The company achieved total sales of 950 billion Lira ($589 million) in 1994, an increase of 15% over 1993, which had enjoyed a similar increase over 1992 sales. Ferré's 14 licenses contributed 58% to total sales in 1994. In 1996, total sales were already at 1250 billion Lira ($811 million).

The Gianfranco Ferré S.p.A. is the holding company that coordinates the fashion business of the Ferré label. It was owned by Gianfranco Ferré (Creative Director) and Franco Mattioli (Chief Financial Officer) in equal shares until it was sold to IT Holdings in March 2002. Recently, Ferré announced that the group plans to become listed at the Milan stock exchange. In order to prepare for this movement Ferré started to rearrange the holding significantly. The first step was the recruitment of experienced management personnel under the guidance of Giuseppe Cipriano. The next step is the reduction of the number of subsidiaries from today 21 to four or five in the future.

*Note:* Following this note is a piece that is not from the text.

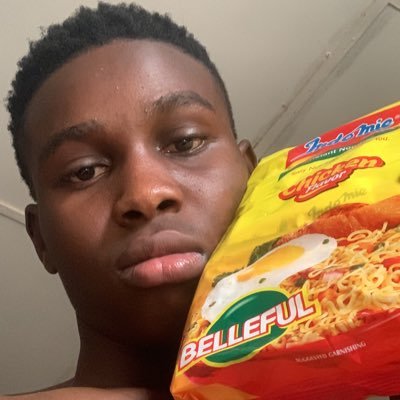 Ogmoneymind29's profile picture. I bleed blue 💙🤍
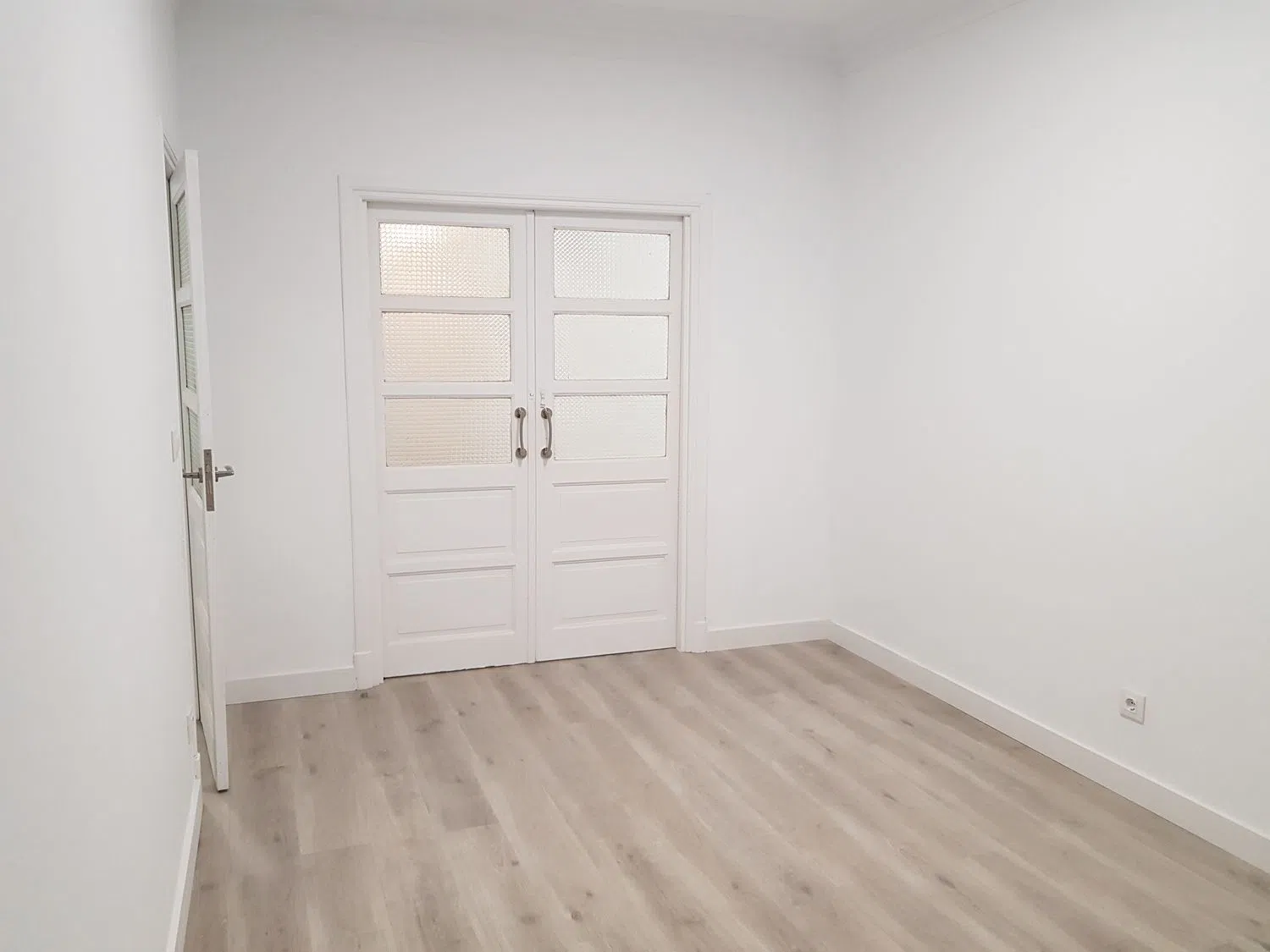 Piso en calle Falperra, 67 - Foto 13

Another move is the acquisition of the apparel producer Dei Mattioli, which is owned by Mattioli. Ferré also seems to be interested in acquiring some of his contractors, in order to have more control over the production.

In 2000, Gianfranco Ferré sold 90 per cent of his company to Gruppo Tonino Perna, the parent company of the Italian fashion group IT Holding SpA, for a sum estimated by analysts to be between $150 million and $175 million.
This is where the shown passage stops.